Федор дошел до реки. На небе не было ни облачка, и обычно черные воды Невы казались почти синими.
Ему необходимо было вновь утвердить свою позицию на литературной сцене. После ослабления цензуры пышно расцвели политические сочинения. Во главе реакционного лагеря стоял консервативный прославянский «Русский вестник» Михаила Никифоровича Каткова. Он отрицал идею, что Россия может хоть чему-то научиться у европейцев. Рупором радикалов-западников был некрасовский журнал «Современник», чей главный критик, Николай Гаврилович Чернышевский, недавно возвысился как фактический лидер нового поколения социалистов благодаря публикации искренних статей по таким животрепещущим вопросам, как «Человек ли женщина?». Чернышевский и его окружение, так называемые «рациональные эгоисты», казались себе самым популярным интеллектуальным движением десятилетия, в особенности среди молодежи. Федор был счастлив вести с ними бесконечные споры. У
Братья Достоевские нашли свой тон среди этой какофонии – средний путь между радикалами и реакционерами, как они видели его, – прогрессивный, но гордо русский. Они называли его «почвенничеством», а свой журнал, «Время», видели его путеводной звездой. В одной из первых редакторских колонок Федор написал о необходимости строительства мостов между простыми людьми и образованными классами. «Мы предугадываем, что характер должен быть в высшей степени общечеловеческий, что русская идея, может быть, будет синтезом всех тех идей, которые с таким упорством, с таким мужеством развивает Европа в отдельных своих национальностях»[229].
Направляемый знакомствами брата, Федор начал по вторникам посещать дом поэта Александра Милюкова, где они искали сочувствующих их идеям. Первым к их редакции присоединился Аполлон Александрович Григорьев – с длинными густыми волосами и пушистой бородкой. Внешность у него была приятная, но необычная – серые глаза посажены слишком широко, как у травоядного животного. На встречах его часто можно было увидеть в красной атласной рубахе-косоворотке, плисовых шароварах, заправленных в сапоги с напуском, в наброшенной на плечи поддевке, с гитарой в руках. Нрав романтика придавал ему пронзительную значимость, которую Федор никогда не мог изобразить. Будучи своего рода сочувствующим славянофилом, за десятилетие отсутствия Федора он уже писал о важности земли и из внутреннего убеждения пришел к выводам, которые Федор сформировал, только оказавшись в неприятной близости с русским народом.

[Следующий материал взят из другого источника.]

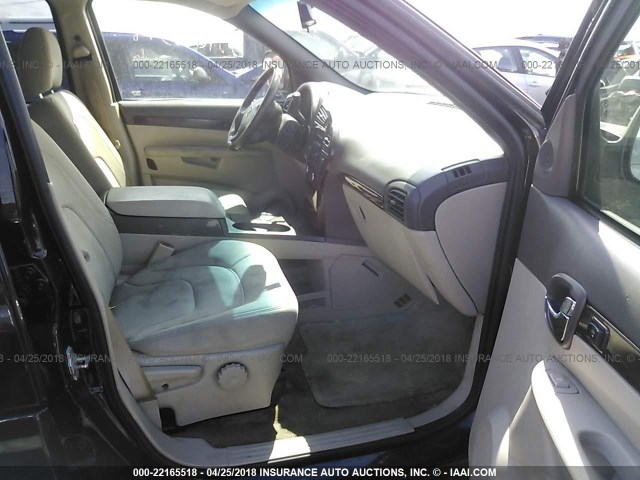 3G5DA03L57S550759 - 2007 BUICK RENDEZVOUS CX/CXL შავი ფოტო 5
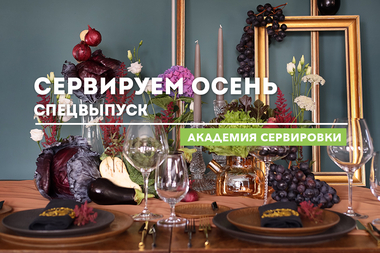 Академия сервировки WILMAX. Спецвыпуск. Сервируем осень.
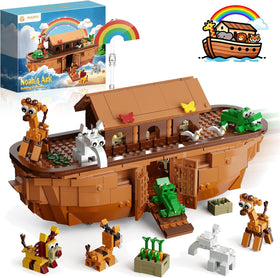 Buildify Noah's Ark assembly shows intricate pieces for immersive storytelling.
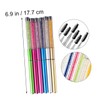minkissy 6pcs Eyelash Brush Mascara Brush Applicator Mascara Wands Make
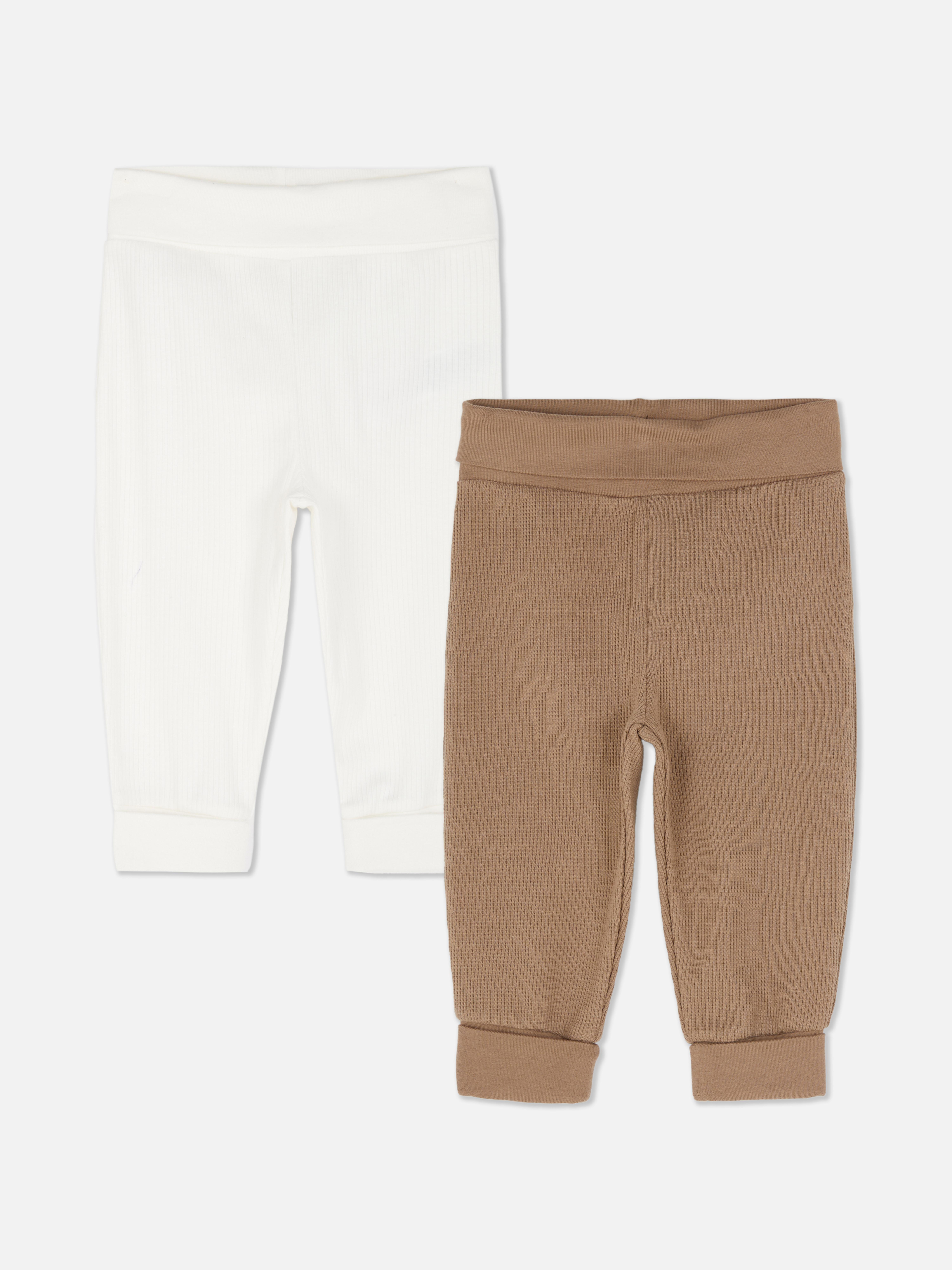 0-18mths | 2pk Newborn Leggings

Второй крупный автор «Времени» говорил скорее от разума, чем от сердца. Николай Николаевич Страхов был философом и ученым, учителем математики, физики и естествознания, впоследствии защитившим магистерскую диссертацию «О костях запястий млекопитающих» (хотя статус профессора он так и не обрел). Несколько младше Григорьева, недавно он выступал против этических опасностей материализма[230]. С Федором у них возникло удивительное интеллектуальное притяжение – политические взгляды Страхова были очень близки Достоевскому, и они могли разговаривать часами. Они работали бок о бок, ходили на экскурсии, планировали вместе уехать за границу. Федор не отказывался от компании Страхова даже сразу после приступов, когда других видеть не хотел.
Редакция «Времени» располагалась на квартире Михаила Достоевского у Екатерининского канала (местным известного как Канава), где прачки делали все возможное, чтобы отстирать одежду в зловонной воде. Это была бедная, пришедшая в упадок часть города неподалеку от Сенной площади. Мрачные трехэтажные здания с толстыми стенами и решетками на маленьких окнах первого этажа теснились тут с восемнадцатого века.